• _Task to complete_:
The required output is the exact run of lines below that opens at the line with "orange and yellow" and closes at the line with "Customized Large Olive".

____ Data extracts

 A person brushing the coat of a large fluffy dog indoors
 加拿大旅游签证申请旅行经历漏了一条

________
____ Data extracts

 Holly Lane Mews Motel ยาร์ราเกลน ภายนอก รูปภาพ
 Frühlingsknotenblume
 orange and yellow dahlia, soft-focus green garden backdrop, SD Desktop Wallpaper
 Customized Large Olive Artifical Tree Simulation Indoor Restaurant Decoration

________

• _Response area_:
 orange and yellow dahlia, soft-focus green garden backdrop, SD Desktop Wallpaper
 Customized Large Olive Artifical Tree Simulation Indoor Restaurant Decoration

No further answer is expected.